··· SUPPLIED ENTRIES

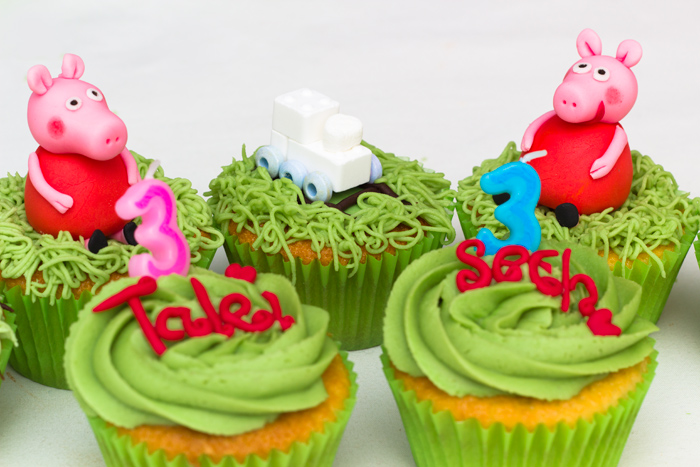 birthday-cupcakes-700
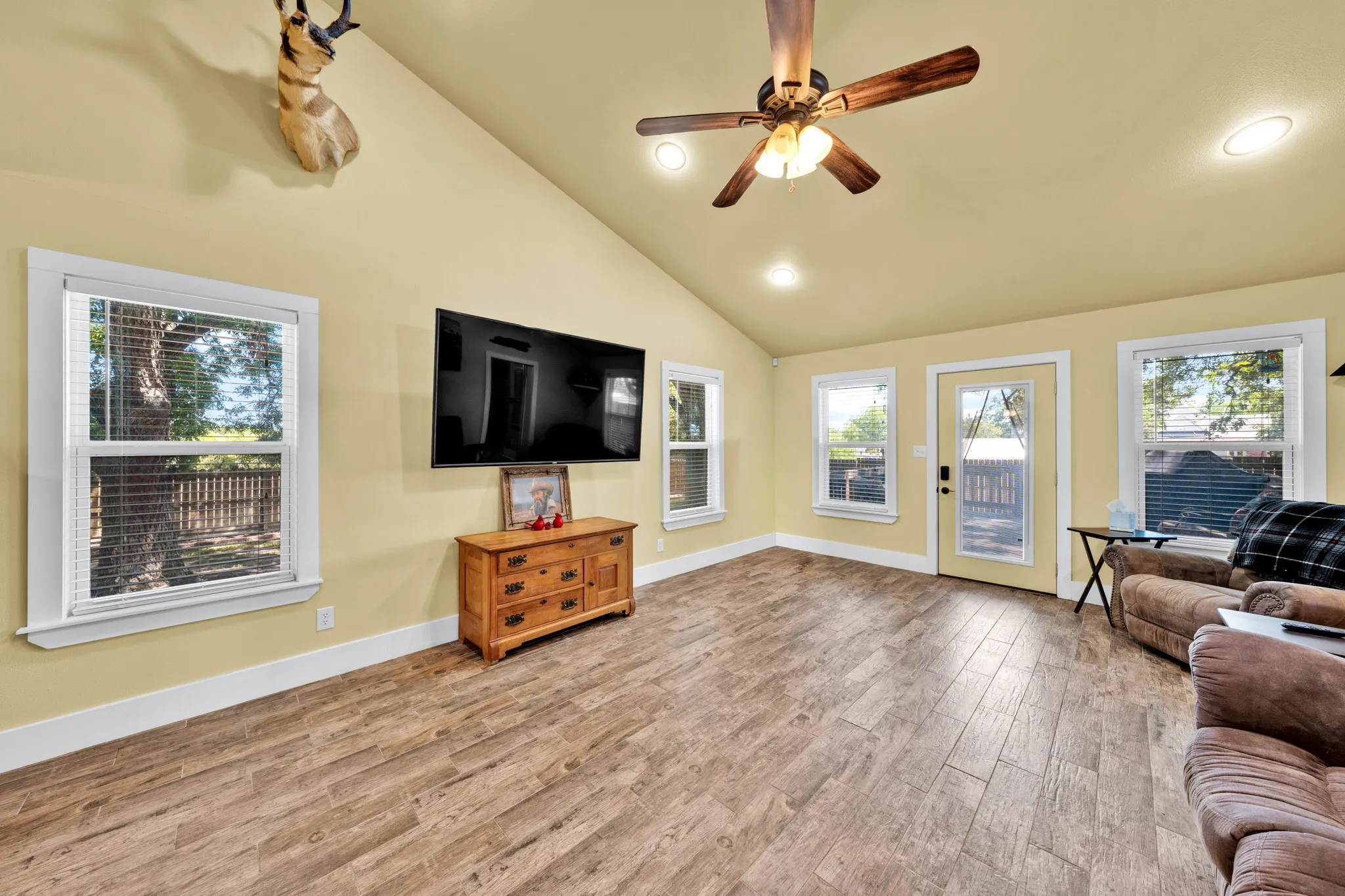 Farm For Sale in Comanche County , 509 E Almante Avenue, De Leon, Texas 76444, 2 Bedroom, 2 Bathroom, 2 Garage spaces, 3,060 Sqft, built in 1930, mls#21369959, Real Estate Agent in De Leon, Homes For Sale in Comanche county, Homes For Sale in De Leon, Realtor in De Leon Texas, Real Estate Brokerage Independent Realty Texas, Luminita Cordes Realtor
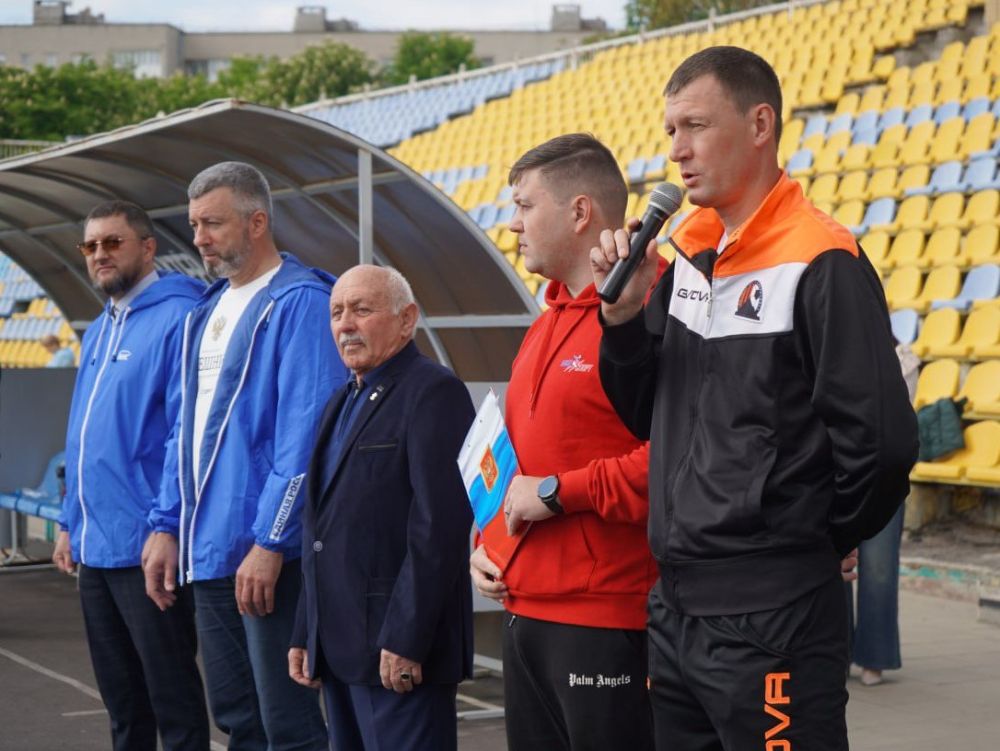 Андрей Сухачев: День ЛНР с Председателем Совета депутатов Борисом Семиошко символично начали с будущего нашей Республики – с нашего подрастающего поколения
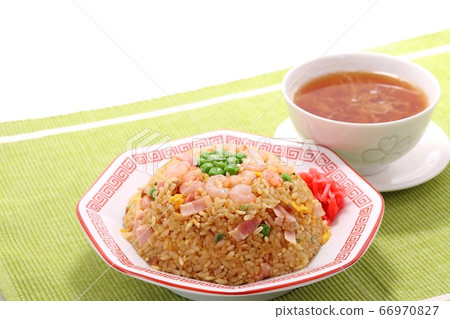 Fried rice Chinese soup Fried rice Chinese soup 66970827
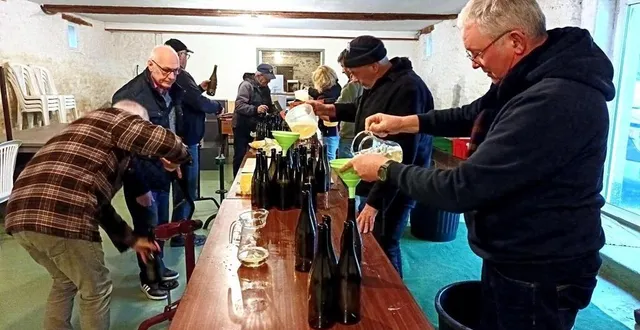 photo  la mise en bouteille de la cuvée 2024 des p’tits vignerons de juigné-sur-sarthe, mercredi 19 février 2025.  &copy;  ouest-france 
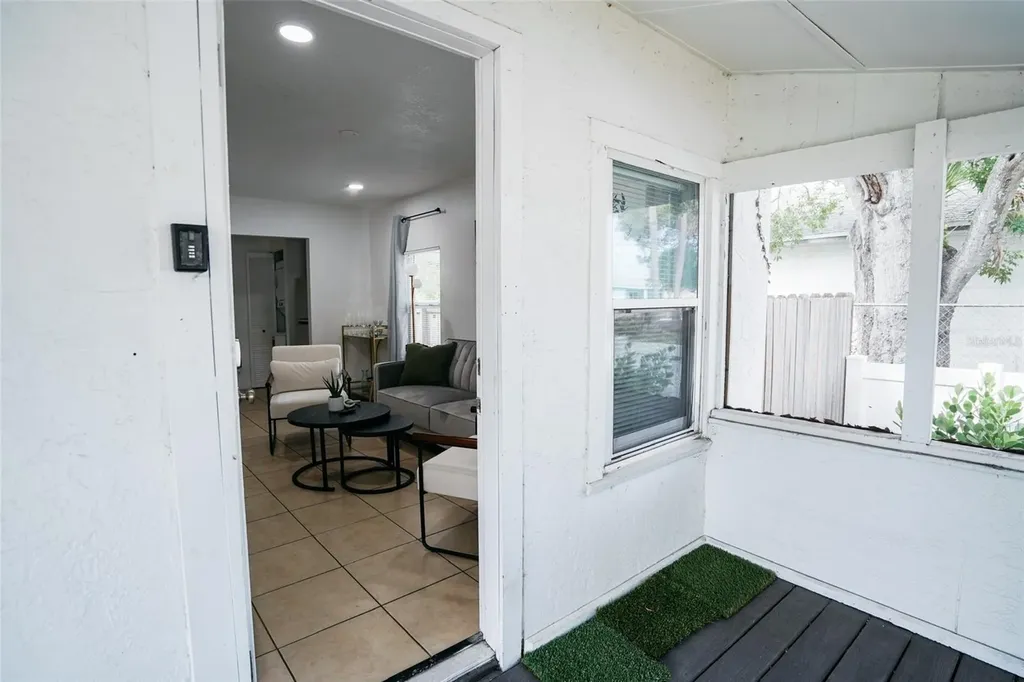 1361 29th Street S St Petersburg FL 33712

······

#### AIM OF THE TASK:
Pictures are not part of the answer. Restate word for word the lines from the one with "mise en bouteille" through the last line of the records.

#### RESPONSE AREA:
 photo  la mise en bouteille de la cuvée 2024 des p’tits vignerons de juigné-sur-sarthe, mercredi 19 février 2025.  &copy;  ouest-france 
 1361 29th Street S St Petersburg FL 33712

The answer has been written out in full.